To determine which "map" works best, the Sagan engine does an internal "scoring" of each map. Sagan will then apply the best map that matches the most fields. This means that you might want to "map" fields event if you don't plan on using them. This ensures that the proper "map" will "win" (score the highest).
To enabled JSON syslog message processing, you will need to enable the following fields within
the sagan-core
part of the sagan.yaml.
# "parse-json-message" allows Sagan to detect and decode JSON within a
# syslog "message" field. If a decoder/mapping is found, then Sagan will
# extract the JSON values within the messages. The "parse-json-program"
# tells Sagan to start looking for JSON within the "program" field. Some
# systems (i.e. - Splunk) start JSON within the "program" field and
# into the "message" field. This option tells Sagan to "append" the
# strings together (program+message) and then decode. The "json-message-map"
# tells Sagan how to decode JSON values when they are encountered.
parse-json-message: enabled
parse-json-program: enabled
json-message-map: "$RULE_PATH/json-message.map"
The parse-json-message
configures Sagan to automatically detect JSON within the syslog
"message" field. The parse-json-program
configures Sagan to automatically detect
JSON within the syslog "program" field.
Some applications will send the start of the JSON within the "program" field and it will
overflow into the "message" field. The parse-json-program
option configures Sagan to
look for JSON within the "program" field and append the "program" and "message" field if
JSON detected.
The json-message-map
contains the mappings for systems that might be sending you JSON.
As with the json-input.map
, the Sagan rule sets come with a json-message.map
.
An example mapping:
{ "software":"suricata", "syslog-source-ip":".src_ip","src_ip":".src_ip","dest_ip":".dest_ip","src_port":".src_port","dest_port":".dest_port","message":".alert.signature,.alert_category,.alert.severity","event_type":".hash","time":".timestamp","date":".timestamp", "proto":".proto" }
Unlike named pipe JSON mapping, the "software" name is not used other than for debugging.

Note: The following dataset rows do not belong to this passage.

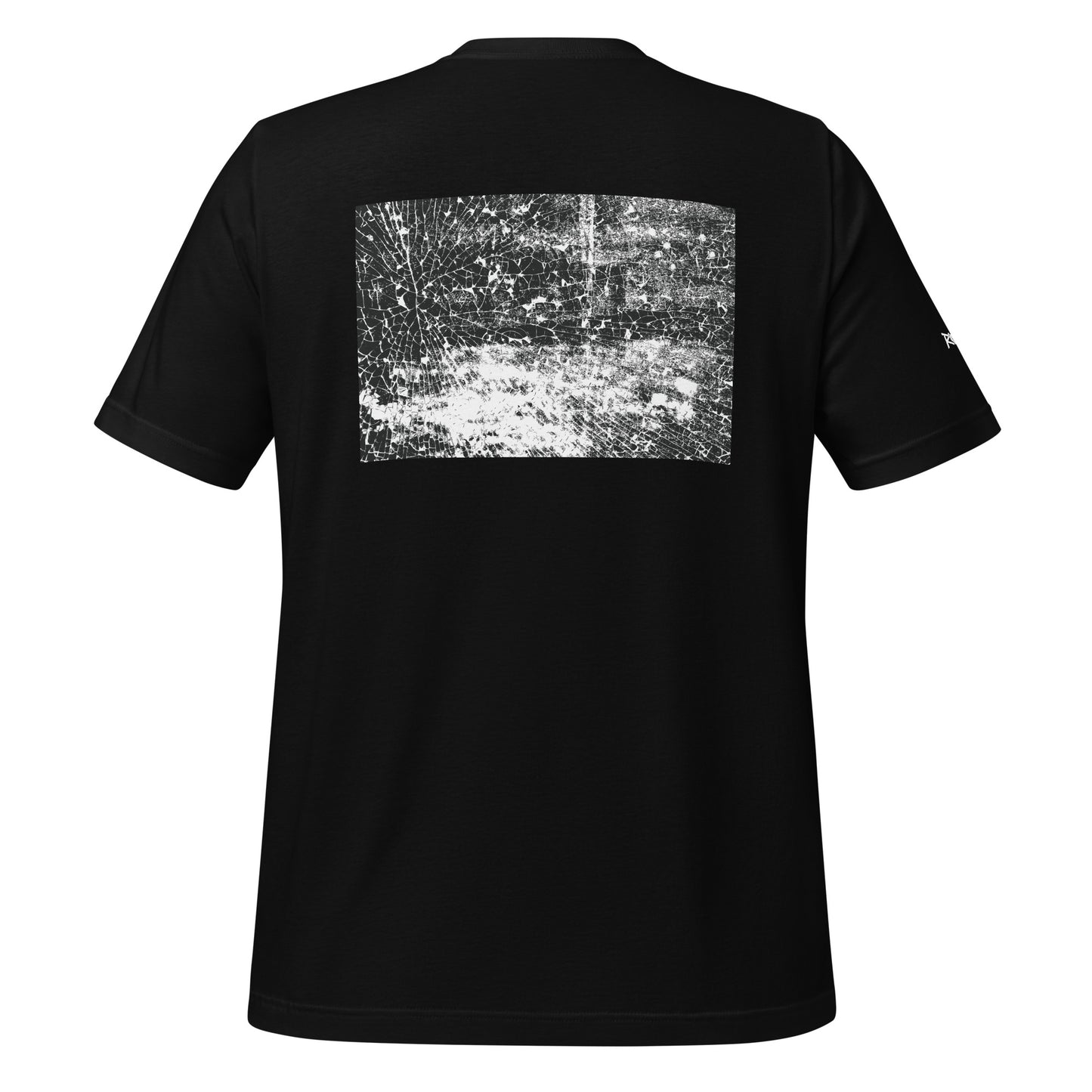 Vista trasera camiseta eco-friendly Servi Go, diseño streetwear sostenible
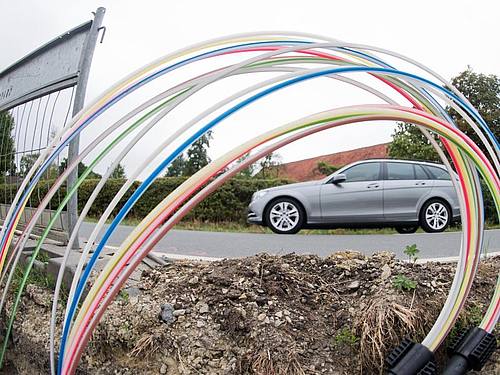 Wichtig für schnelles Internet: Leerrohre für Glasfaserleitungen liegen an einer Baugrube. Foto: Julian Stratenschulte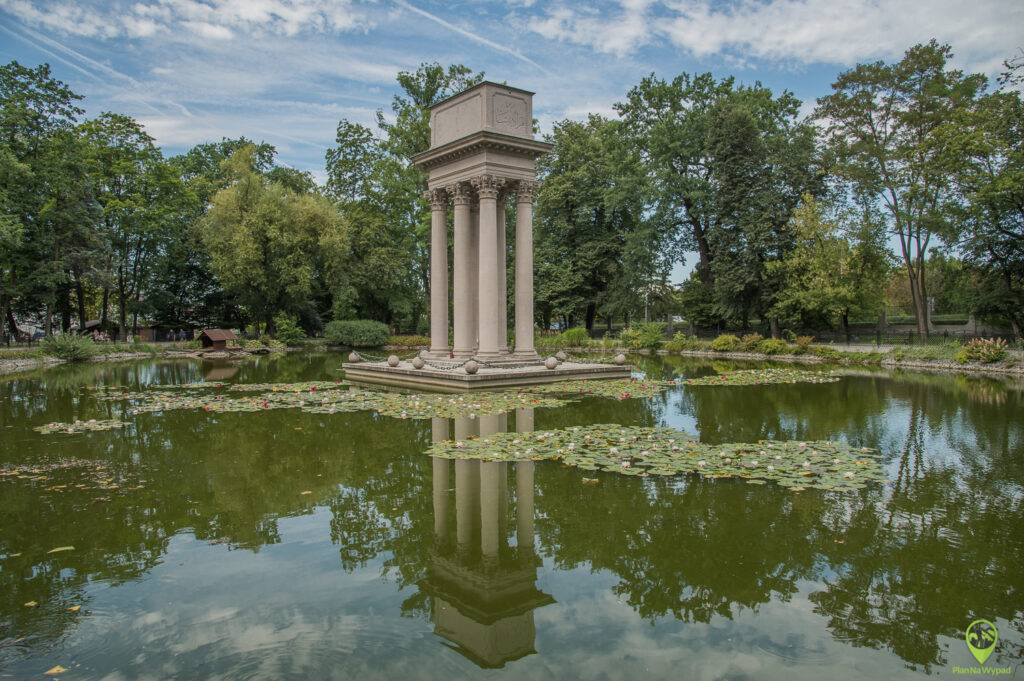 Park Strzelecki Tarnów - mauzoleum Bema.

When Sagan receives JSON data, it will apply all mapping to found in the json-message.map
file.
Note of the “message” field. This shows the "message" being assigned multiple key values. In this case the key “.alert.signature”,”.alert.category” and “.alert.severity” will be become the “message”. Internally to Sagan, the “message” will become “key:value,key:value,key:value”. For example, let say the JSON Sagan is processing is the follow Suricata JSON line:
{"timestamp":"2020-01-03T18:20:05.716295+0000","flow_id":812614352473482,"in_iface":"eth0","event_type":"alert","src_ip":"12.12.12.12","dest_ip":"13.13.13.13","proto":"ICMP","icmp_type":8,"icmp_code":0,"alert":{"action":"allowed","gid":1,"signature_id":20000004,"rev":1,"signature":"QUADRANT Ping Packet [ICMP]","category":"Not Suspicious Traffic","severity":3},"flow":{"pkts_toserver":5,"pkts_toclient":0,"bytes_toserver":490,"bytes_toclient":0,"start":"2020-01-03T18:20:01.691594+0000"},"payload":"1YUPXgAAAADM7QoAAAAAAE9GVFdJTkstUElOR9raU09GVFdJTkstUElOR9raU09GVFdJTkstUEk=","stream":0,"packet":"VDloD8YYADAYyy0NCABFAABUCshAAEABI6YMnwIKDJHxAQgAHoELvAAF1YUPXgAAAADM7QoAAAAAAE9GVFdJTkstUElOR9raU09GVFdJTkstUElOR9raU09GVFdJTkstUEk=","packet_info":{"linktype":1},"host":"firewall"}
Internally to Sagan the "message" will become:
.alerts.ignature:QUADRANT Ping Packet [ICMP],.alert.category:Not Suspicious Traffic,alert.severity:3
This means any signatures you are going to create will need to take this format into account. In cases where you would like the
entire JSON string to become the message, simply make the "message" mapping %JSON%
. This tells Sagan that the entire
JSON string should be considered the "message".